If you feel convicted and unqualified because you don’t have a perfect marriage, relax. Don’t let the Instagram posts fool you. No one else does either.
Like Moses, the great evangelist and founder of the Methodist Church, John Wesley, had significant marriage issues. He was an austere, disciplined, intellectual, spiritual giant, consumed with his work. But, his wife Mary grew to hate the silence and neglect. In time she became angry, jealous, and controlling. One Methodist preached named John Hampson, said he once entered a room and found Mary pulling John Wesley on the floor by his hair. In her hands were locks she had pulled up by the roots (Hattersley 202, 277).
The first big fight Wendy and I had was about who would sit at the head of the table. I was the man of God with a divinity degree from Regent University and wanted my plate in the prime spot. I quietly sulked when it didn’t happen. Finally, after about 5 days she asked what was my problem. I told her I wanted to sit at the head of the table. She said, “Honey, look at the table. It’s round.”
Let’s keep it real. As we go after Gods call, our bedrooms can become war rooms. While fighting devils outside, hell shows up in our homes. But it doesn’t have to be.
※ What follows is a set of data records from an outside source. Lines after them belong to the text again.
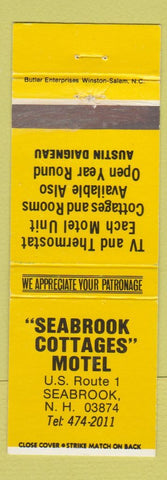 Matchbook Cover - Seabrook Cottages Motel Seabrook NH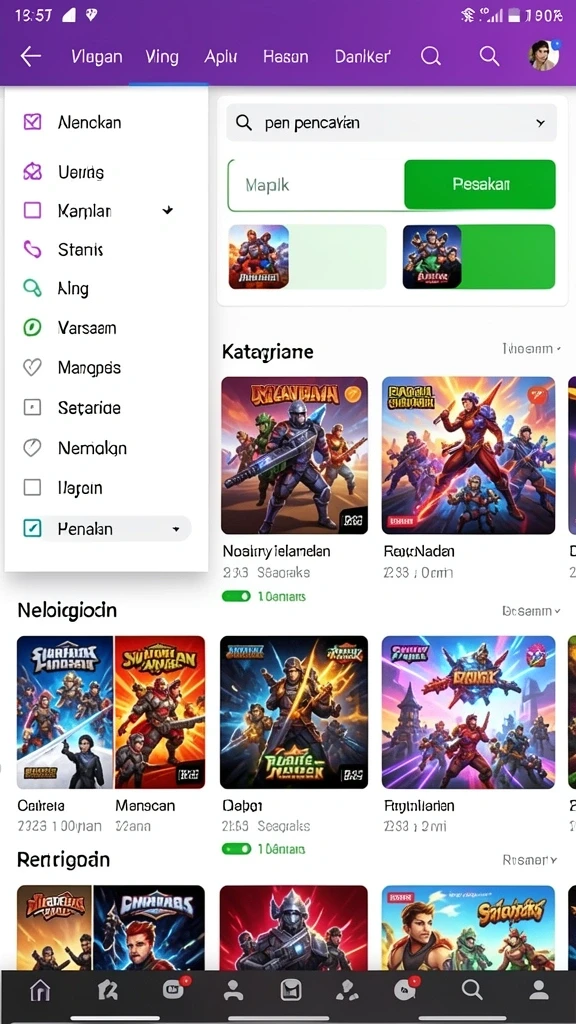 Gambaran antarmuka pengguna yang responsif dan menarik.
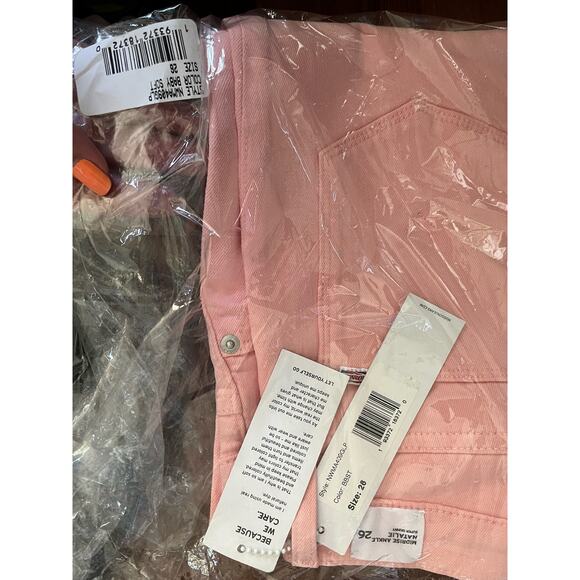 Hudson Jeans Natalie Baby soft pink Midrise Ankle Super Skinny 26 NWT - Picture 4 of 5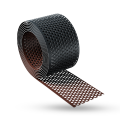 Alumīnija karnīzes siets 100 mm x 25 m – (krāsots alumīnijs - RAL7016 / RAL8017) (1)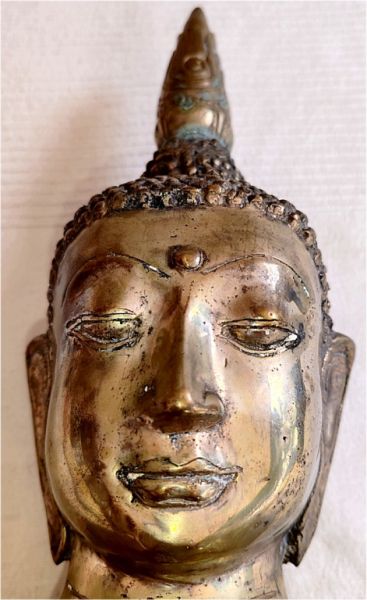 Dekorative Buddha-Büste von Gilde Handwerk – Antik-Stil – 34 cm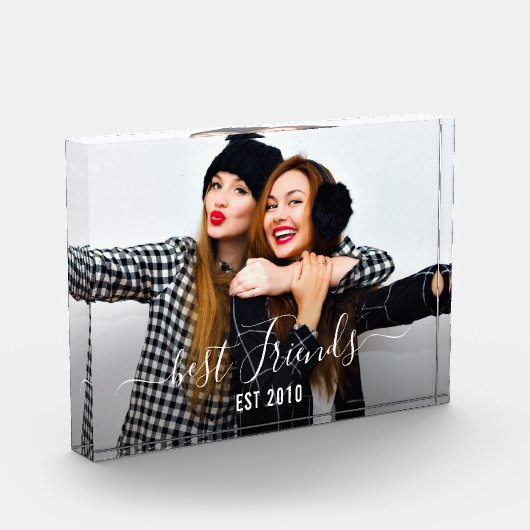 BESTE VRIENDEN | Manuscript lettering overlay Fotoblokken (Links)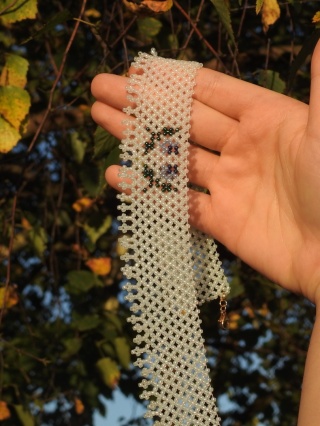 Drabynka inspirowana bojkowskimi motywami kwiatowymi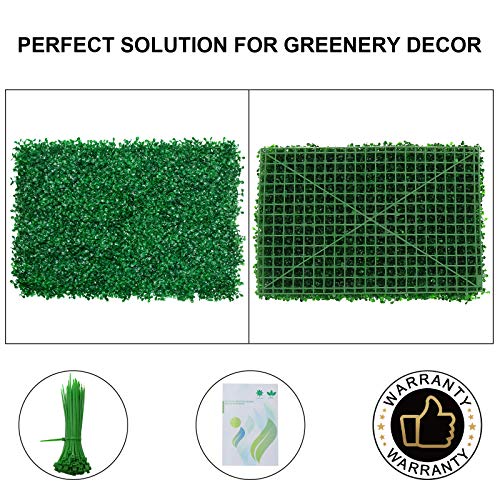 Artificial Boxwood Panels 24 x 16 Inch Faux Boxwood Hedge Wall Panel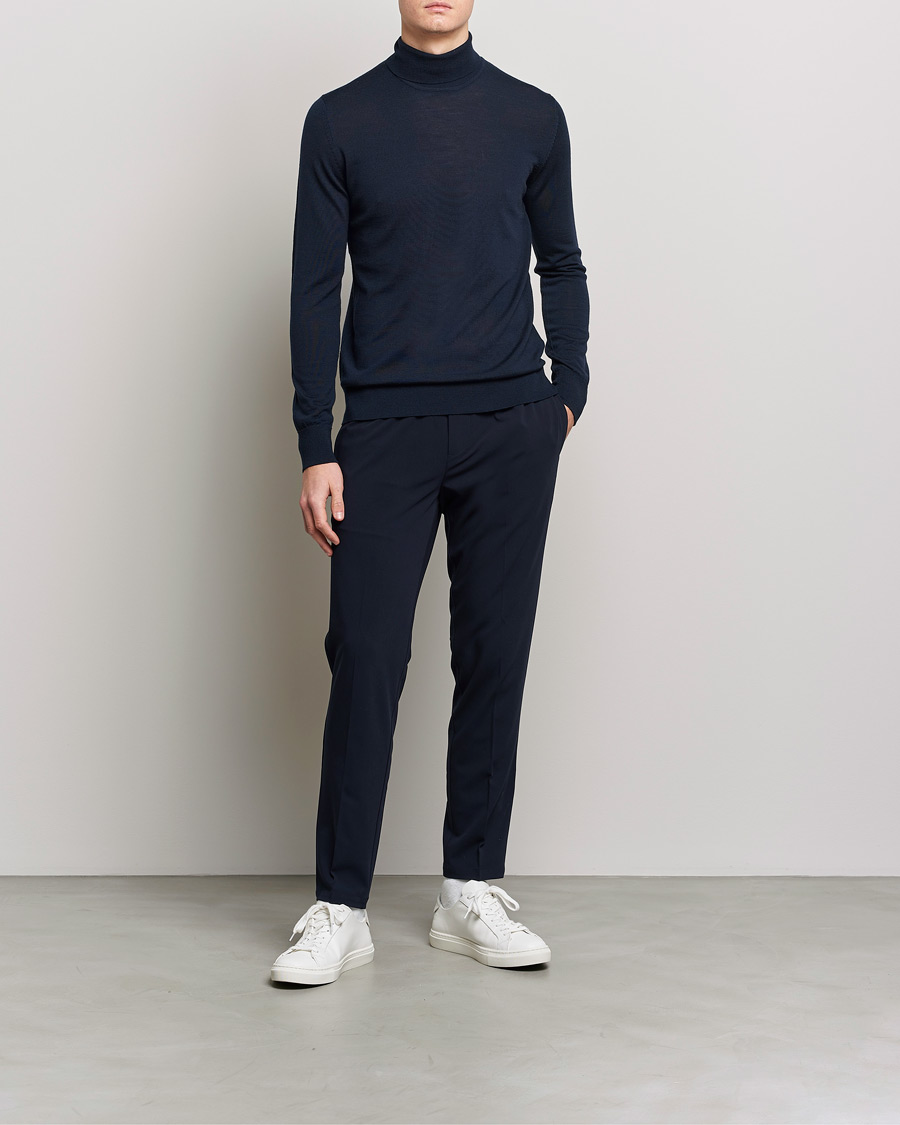 Herr | Tröjor | Samsøe Samsøe | Samsøe & Samsøe Flemming Superfine Merino Wool Rollneck Night Sky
The key to breaking through this barrier is found in Ephesians 5:21, “Submit to one another out of reverence for Christ.” Instead of worrying about who’s submitting to who, be on the lookout for ways to serve and honor one another. Maybe your wife asks you to start taking off your shoes to keep the floors clean. Does that make you bristle? What if your husband asks for a different kind of coffee at the grocery store? Do you respond with sarcasm? Are you the one that always has to hold the remote at night?
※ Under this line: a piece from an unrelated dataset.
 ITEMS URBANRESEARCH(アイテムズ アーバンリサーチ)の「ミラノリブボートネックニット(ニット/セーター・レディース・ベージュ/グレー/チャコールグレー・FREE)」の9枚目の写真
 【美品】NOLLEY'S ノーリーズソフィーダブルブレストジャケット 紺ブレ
Notice the letter in the middle of win, sin, and pride is I. If we always have to win we have a big sin problem called pride. Notice the motivation Paul gives in Ephesians 5:21, “…out of reverence for Christ.” Out of our awe and wonder because the Son of God loved served us on the cross, we humbly search for ways to serve and prefer one another.
Reflect on this question for a moment, “What is one thing I can do this week to show my spouse I love and care for them?” That might look like taking the time to listen with the hope of understanding their point of view. Maybe Zipporah didn’t want to win but just wanted Moses to understand. When someone understands it’s like sunlight and water on a tired flower.